Jan 3 2017
Trading the financial instrument is getting huge popularity among the professional traders due to its extreme level of reliability. There are many traders in the forex market who uses tons of indicators to filter out the best possible trades in the market. But at the end using tons of indicators doesn’t help the reality traders at all. Most of the retail trader’s fails to make money since they rely too much on the indicators. Indicators are two types, leading indicators, and lagging indicators. The leading indicators always give early trading signals to the traders where the lagging indicators give a late signal. That means if you trade the market using the indicators then you will never be able to execute any trades in the market with the real time movement of the price. In exchange traded funds, it is extremely crucial for the traders to understand the real time movement of the price. The price action trading strategy is developed on the raw price movement of the price and its gives the trader’s real time information about the market dynamics. But trading the financial instrument with price action trading strategy requires pin perfect execution and experience. In this article, we will discuss some of the most common mistakes in price action trading.
Using the lower time frame: Price action trading strategy is based on the raw price moment and it allows the traders to identify the potential trading spot to the traders. Most of the novice traders trade the lower time frame after learning different price action setups in the market. They simply use the lower time frame since lower time frame offers more trading opportunity to the traders in exchange traded funds. But in order to make a consistent profit and earn a decent living by trading, you must trade the higher time frame. There are lots of false spikes and movement in the market and when you use the lower time frame then you actually expose yourself to false signals in the market. In the eyes of trained professional trading, the financial assets with price action setup should be always done in the higher time frame. If you trade the market in the higher time frame then you will be able to execute your orders in the market without worrying about the false setup.

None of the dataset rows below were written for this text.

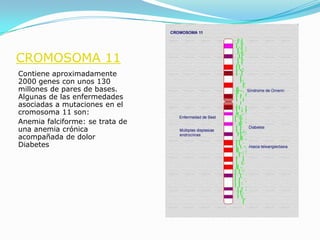 CROMOSOMA 11
Contiene aproximadamente
2000 genes con unos 130
millones de pares de bases.
Algunas de las enfermedades
asociadas a mutaciones en el
cromosoma 11 son:
Anemia falciforme: se trata de
una anemia crónica
acompañada de dolor
Diabetes
 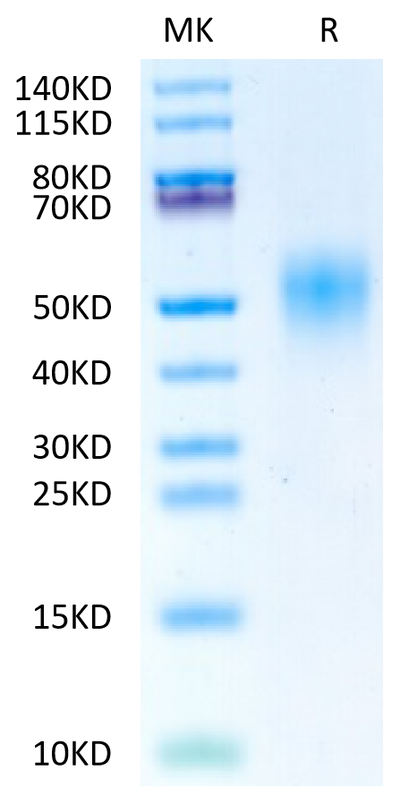 Biotinylated Human FGFR4 beta on Tris-Bis PAGE under reduced condition. The purity is greater than 95%.Biotinylated Human FGFR4 beta Protein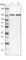 ERC1 antibody, HPA019523, Atlas Antibodies, Western Blot image 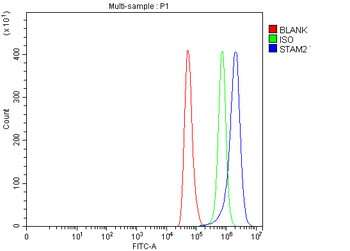 STAM2 Rabbit Polyclonal Antibody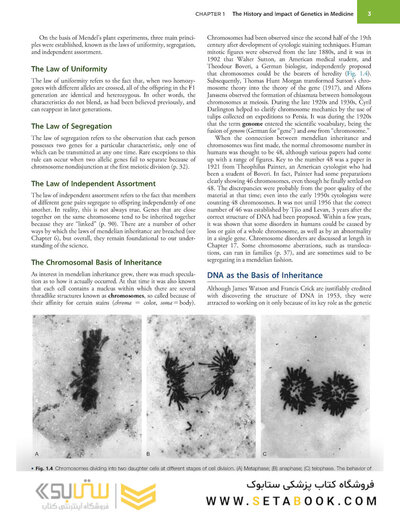 Emery'S Elements of Medical Genetics and Genomics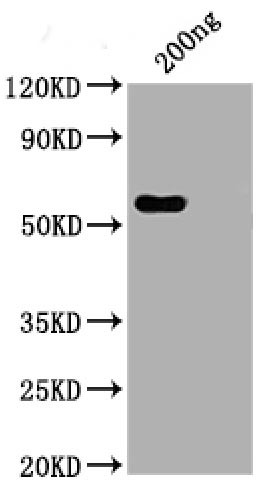 N Antibody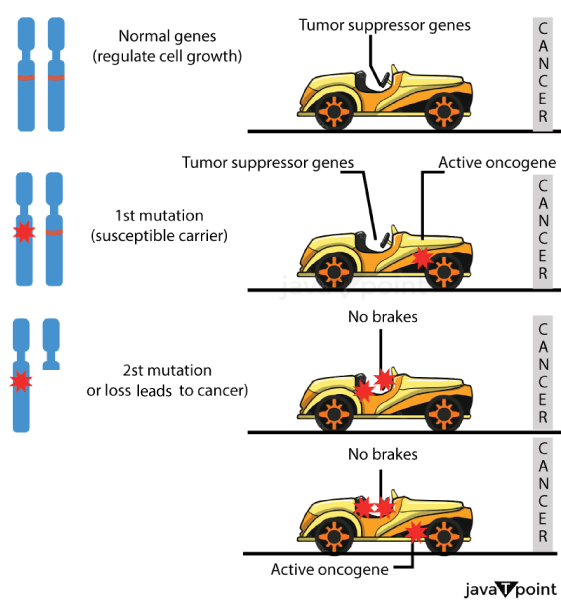 Tumor Suppressor Gene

Taking too much risk: Those who are trading the financial instrument for a long period of time knows the importance of proper risk management factors. They always make sure that they execute their orders in the market by following proper risk management factors regardless of their trading setup and probability. They simply rely too much on price action trading strategy and thinks that it will allow them to make profit 100 percent of the time in exchange traded funds. But if you trade the financial assets then you will always have some losing orders in the market.SO when you trade the market with price action trading strategy always make sure that you use proper risk management factors in every single trade and never risk more than 2 percent of your trading capital at your initial stage.
Avoiding the confirmation signal: Those who are trading the forex market with price action trading strategy knows very well that every price action candlestick pattern in the forex market comes with a confirmation candlestick pattern. The expert price action traders always make sure that they execute their trade in the market after the formation of the confirmation signal in the market. It’s true that by using the confirmation signal in the market you will have to use a little bit wider stop loss but if you truly want to master the art of price action trading strategy then you must use the confirmation signal in the market. Most of the retail traders fail to money in the forex market by using the price action trading strategy due to their aggressive trading style.
Avoiding the fundamental news release: Price action trading strategy is extremely profitable and reliable. Most of the retail traders in the forex market tend to forget about their fundamental analysis since they think that price action trading strategy is enough to ensure their profit in the market. But in reality price action trading strategy is based on the combination of technical and fundamental analysis.SO if you ignore the fundamental news release in the market then there is a high chance of losing in the market. As a professional price action trader, you should always execute your trade after analysis the fundamental factors in the market. The long-term prevailing trade in a currency pair changes its trend on the event of the fundamental news release in the market. So always make sure that you assess the fundamental factors before taking any trades in the market. Every single professional price action traders assess the fundamental factors and market sentiment before they execute any signal trade by using the price action signal. By using the fundamental analysis you will save yourself from many losing trades in the market. Most importantly it also allows the traders to know about the prevailing strength of a trend in any currency pair.
Summary: Price action trading strategy is one of the most profitable trading strategies in the forex market but most of the retail traders fail to make money due to some common mistakes. So if you truly want to master the art of price action trading strategy then you need to learn from your mistakes and trade the market with proper risk management factor.